Salary Options for Diesel Mechanics
The BLS has determined that the median annual salary for diesel mechanics is nearly $41,000 as of 2010. However, this salary level can vary depending on the experience and specific field that the diesel mechanic is working in. the top ten percent of mechanics working in this field can obtain a median salary of over $60,000.
In addition, many mechanics work for an hourly wage, rather than a traditional salary. This can result in an increased income due to overtime hours, which can be very common in many areas.
However, some mechanics, especially those with families, may find extensive overtime personally and professionally stressful.
Common Employment Options for Diesel Mechanics
Diesel mechanics work in a wide range of settings, ranging from those working in large repair centers to individual mechanics working as part of a self-owned garage.

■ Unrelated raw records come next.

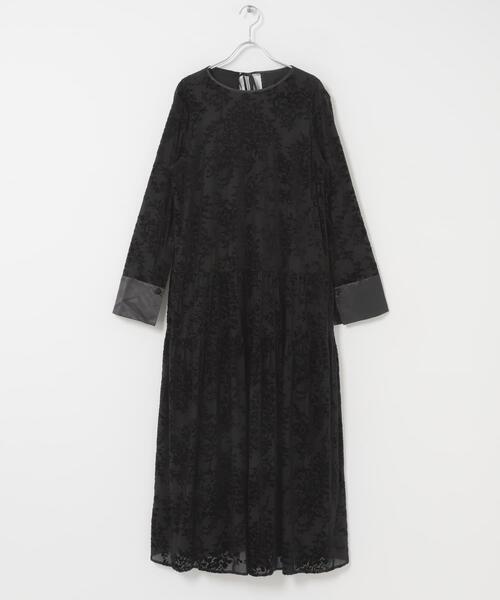 URBAN RESEARCH ROSSO WOMEN(アーバンリサーチ ロッソ)の「『WEB/一部店舗限定』フロッキープリントティアードワンピース(ワンピース・レディース・ブラウン/ブラック・FREE)」の13枚目の写真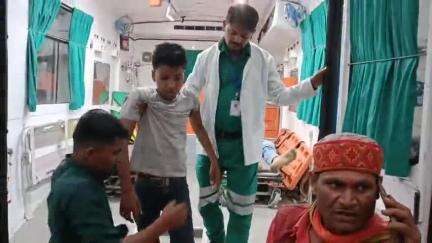 ग्राम ककरा के समीप NH-30 पर तेज़ रफ़्तार बोलेरो ने ट्रैक्टर-ट्रॉली में मारी टक्कर, दो लोग हुए घायल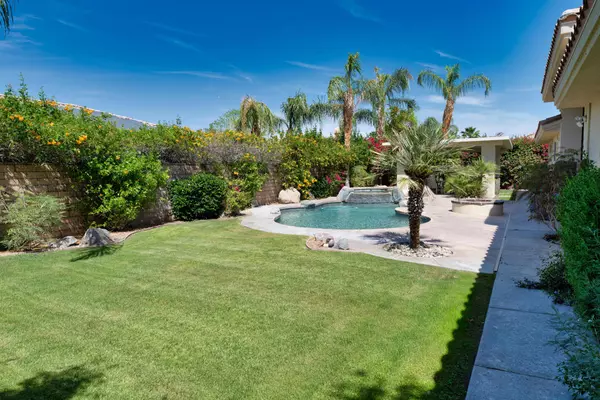 Rancho Mirage, CA 92270,12 Varsity CIR
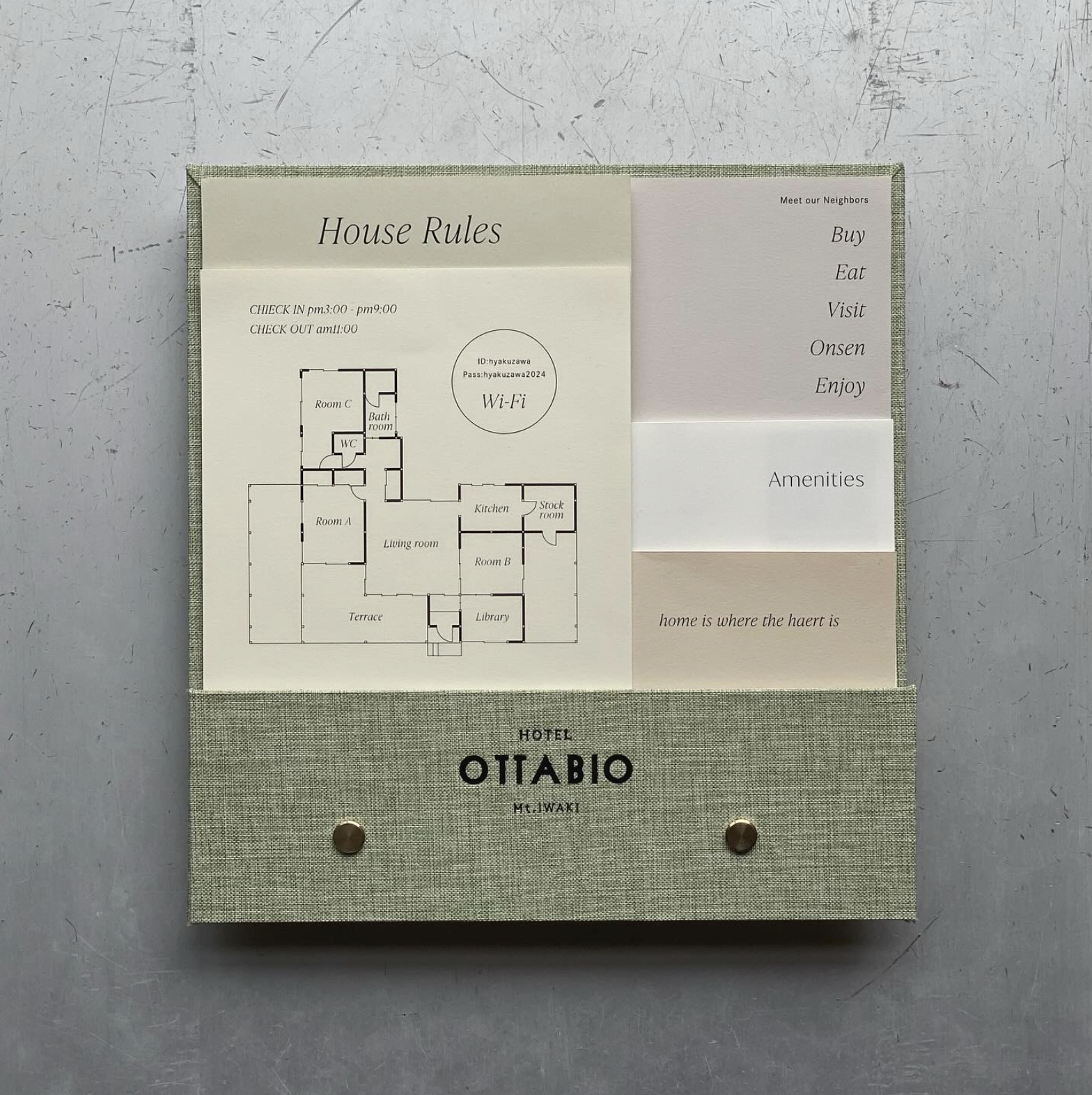 ホテルの案内板とフロアプランの見取り図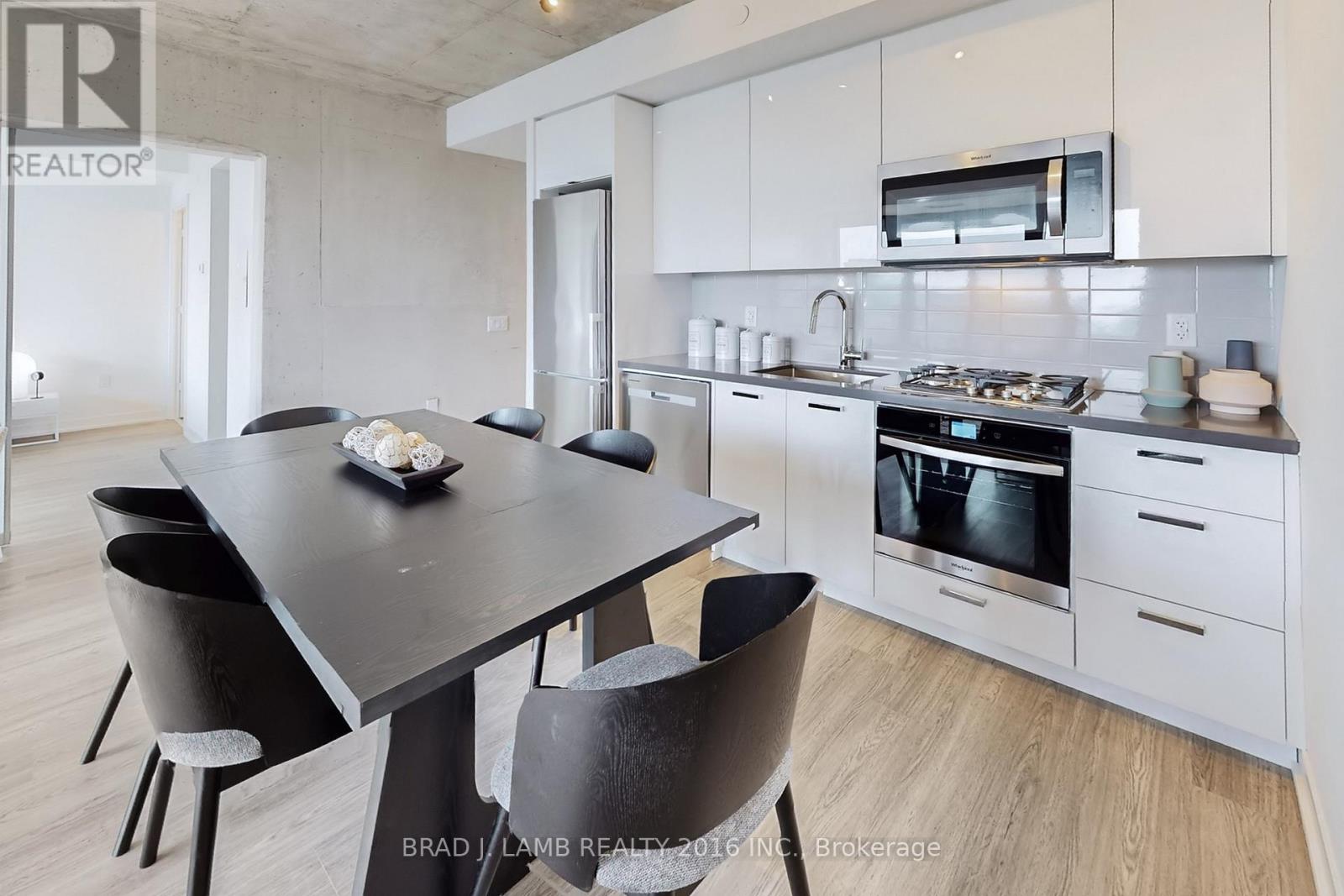 #1011 195 MCCAUL STREET - 9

Because of that, the working conditions diesel mechanics face can vary widely. Some specific examples include the following:
Many passenger and private cargo vehicles are equipped with diesel engines and diesel mechanics working at local neighborhood garages work to maintain and repair these engines.
In addition, in states that mandate emission control systems, the mechanic may be involved in evaluating and maintaining the vehicle in order to ensure that it conforms to those standards.
These mechanics must be prepared to work on a wide range of vehicles, and must therefore be familiar with most models of domestic and foreign diesel engines. Furthermore, they must be capable of effectively informing their customers about any required repair or maintenance and providing an accurate estimate of the cost of the job.
Some of these garages may specifically serve commercial truckers, usually as a part of a truck stop. Because of the time critical nature of many shipments, diesel mechanics working in this field must be capable of quickly returning their customers’ trucks to service.
Commercial Fleet Mechanics
Many commercial cargo lines employ their own diesel mechanics. In this case, the mechanic will be focused on maintaining his company’s truck fleet, which will usually include working at a central repair depot.
This work is often more regimented then working at a local garage and the mechanic will be working with a number of other diesel mechanics. While this type of employment involves less interaction with the public, the mechanic must be able to quickly and effectively repair the company’s vehicles so that they can be returned to service.
On Site Diesel Mechanics
Many companies that have on site back up diesel generators will employ a full-time diesel engine mechanic in order to ensure that their generators are prepared to take over in the event of a power failure. This will require the mechanic to regularly test and maintain the fixed diesel engines and generators, as well as being prepared to maintain them when they are operating.
Especially for data storage centers or medical facilities, there may be very little margin for failure, requiring that the mechanic be meticulous in ensuring that the system is capable of taking over for the larger power grid.
Ultimately, diesel mechanics enjoy a well-compensated career that allows them to play a vital role in maintaining America’s transport and power infrastructure.
Whether they are working as a mechanic in a truck stop or as a train engineer, a skilled diesel engine mechanic will have a wide range of potential employment opportunities available to him or her.